**TASK MATERIAL:**
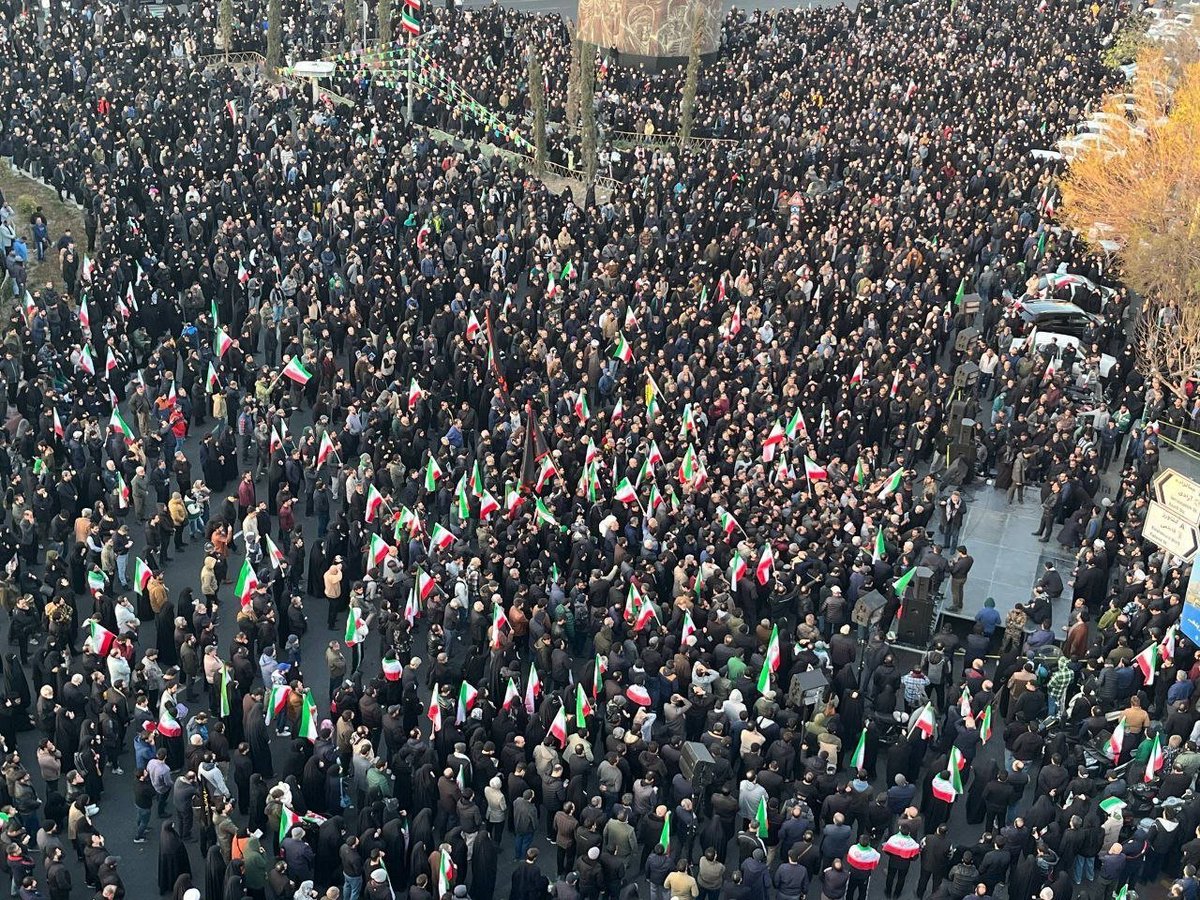 SayedAliNaqi's tweet photo. Tehran: Images of the crowd of mourners of Imam Khamenei
#Iran #خامنئي #Khamenei #النصر_الفيحاء #طهران https://t.co/C2IJS06jtZ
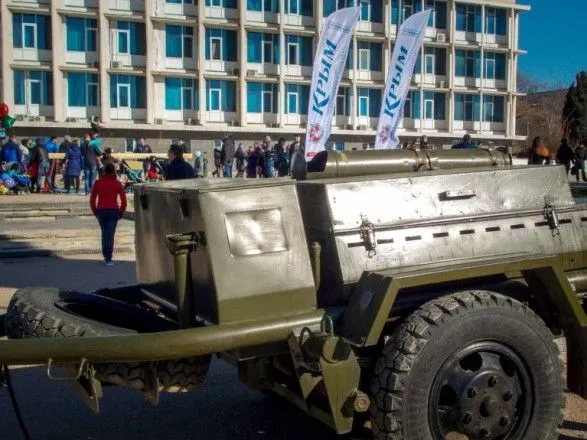 В оккупированном Крыму на Масленицу устроили бег с автоматами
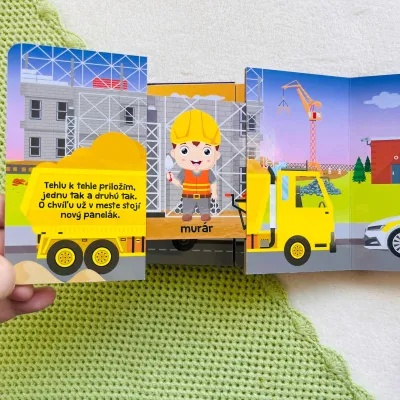 Knižka s prekvapením: Kto som a čo robím?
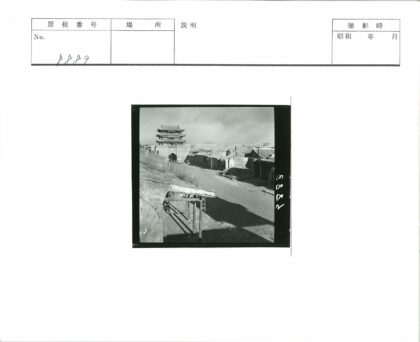 传统建筑街景与山丘风光.jpg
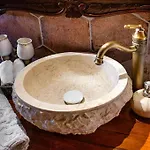 Апартаменты George & Alexandra's Родос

**ACTIVITY:** If an entry contains a picture, omit it; restate everything else word for word.

**WRITTEN ANSWER:**
 SayedAliNaqi's tweet photo. Tehran: Images of the crowd of mourners of Imam Khamenei
#Iran #خامنئي #Khamenei #النصر_الفيحاء #طهران https://t.co/C2IJS06jtZ
 В оккупированном Крыму на Масленицу устроили бег с автоматами
 Knižka s prekvapením: Kto som a čo robím?
 传统建筑街景与山丘风光.jpg
 Апартаменты George & Alexandra's Родос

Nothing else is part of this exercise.